Tamoxifen Found To
Increase Risk Of
Endometrial Cancer
From Sherrill Sellman
LOS ANGELES, CA -- October 5, 1999 -- Women whose breast cancer is treated with tamoxifen face a heightened risk for endometrial cancer, with that risk compounded in women who also have received estrogen replacement therapy or who are obese, according to a study led by University of Southern California researchers.
Leslie Bernstein, Ph.D., professor of preventive medicine at the Keck School of Medicine of the University of Southern California and USC/Norris Comprehensive Cancer Center, and colleagues present these findings in the Oct. 6 issue of the Journal of the National Cancer Institute.
Doctors prescribe tamoxifen, a synthetic hormone, to women as a breast cancer treatment because of its proven benefits for blocking a recurrence of the disease, reducing the likelihood of a second breast cancer developing in the opposite breast and extending patients' survival. It is also under study as a preventive agent against breast cancer in women at high risk for the disease. However, this study indicates the same drug increases the risk of endometrial cancer, the most frequent gynecologic cancer in women.
"Because tamoxifen is a critical therapeutic option for breast cancer patients, we need to understand its other effects on the body," Bernstein said. "Although we have known that endometrial or uterine cancer develops in a tiny proportion of women taking tamoxifen, we have not known which particular groups of women are at greatest risk of this disease."
Overall, the authors report that tamoxifen therapy for breast cancer increased the risk of endometrial cancer by about 50 percent. The longer women are on tamoxifen therapy, the greater their risk: women with more than five years of exposure to tamoxifen were four times more likely to develop endometrial cancer than women who did not use tamoxifen.
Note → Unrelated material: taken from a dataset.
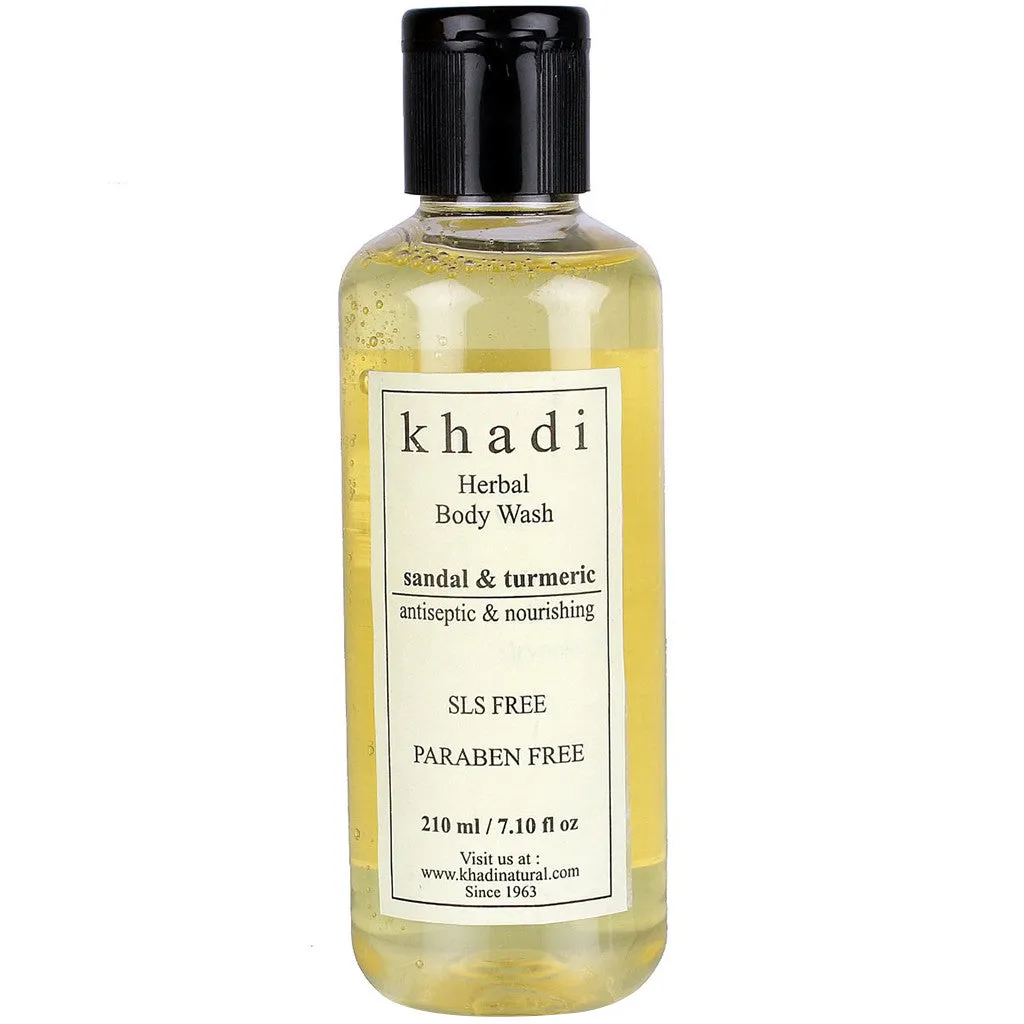Khadi Natural Sandal & Turmeric Body Wash Sls & Paraben Free 210ml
But a woman's risk of endometrial cancer also varies according to other characteristics.
Factors already known to either increase or decrease women's risk of endometrial cancer include: birth control pills, which reduce risk; estrogen therapy, which can increase risk unless taken in combination with progestin therapy; and obesity, which increases risk. These factors affected the endometrial cancer risk of breast cancer patients in this study.
Tamoxifen increased endometrial cancer risk, primarily among women who had previously used estrogens. The risk of endometrial cancer was more than three times higher among women who had taken both estrogen replacement therapy and tamoxifen than among women who had not taken either drug. And among women who had previously been on estrogen replacement therapy, those who took tamoxifen for more than five years were five and a half times as likely to develop endometrial cancer as women who had not been prescribed tamoxifen.
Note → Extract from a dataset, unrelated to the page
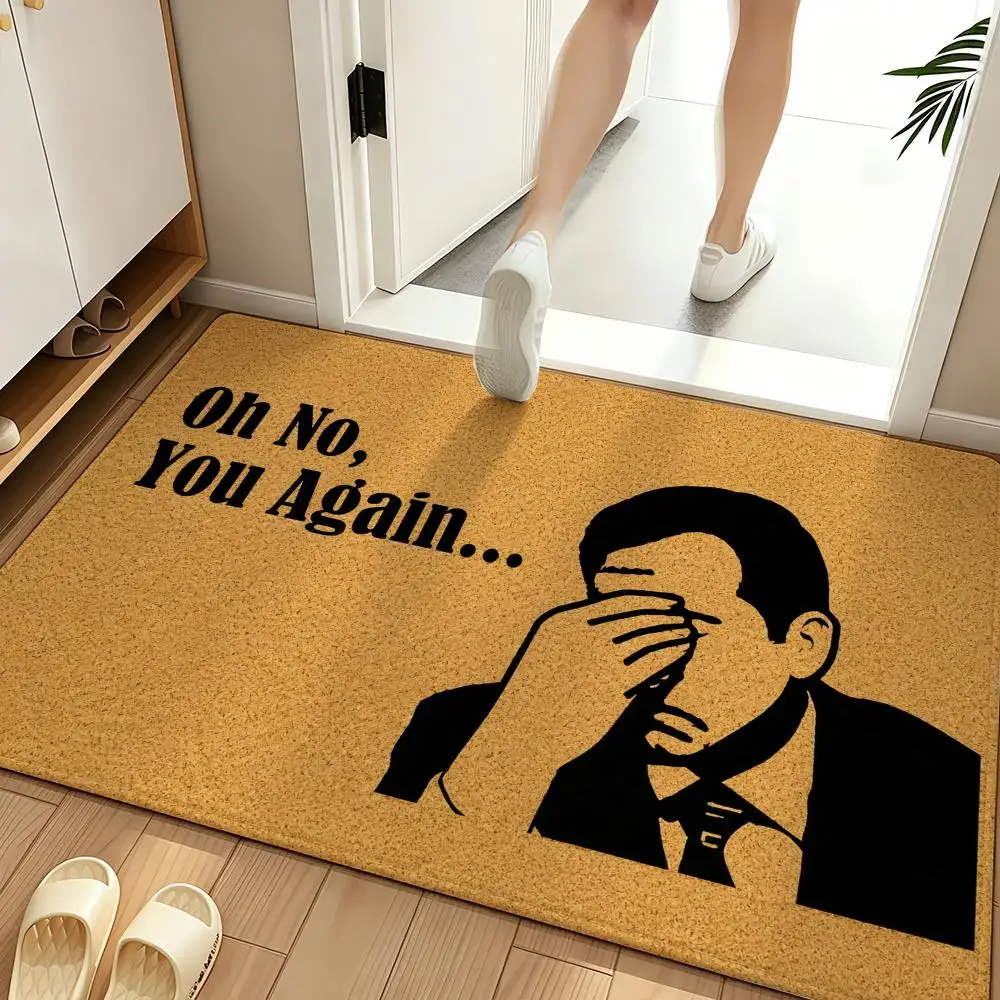 Retro Sarcastic Welcome Quote Funny Comic Graphic Floor Mat Soft Flannel Non Slip Absorbent Entryway Bathroom Bedroom Garage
The risk associated with tamoxifen use was stronger among heavier women than among thinner women, with risk the highest for women who both were overweight and had a history of taking estrogen replacement therapy.
Tamoxifen has been found to have estrogen-like effects on the uterus, which may account for women's increased endometrial cancer risk. Researchers believe obesity may cause greater exposure to estrogen in the uterus, as well.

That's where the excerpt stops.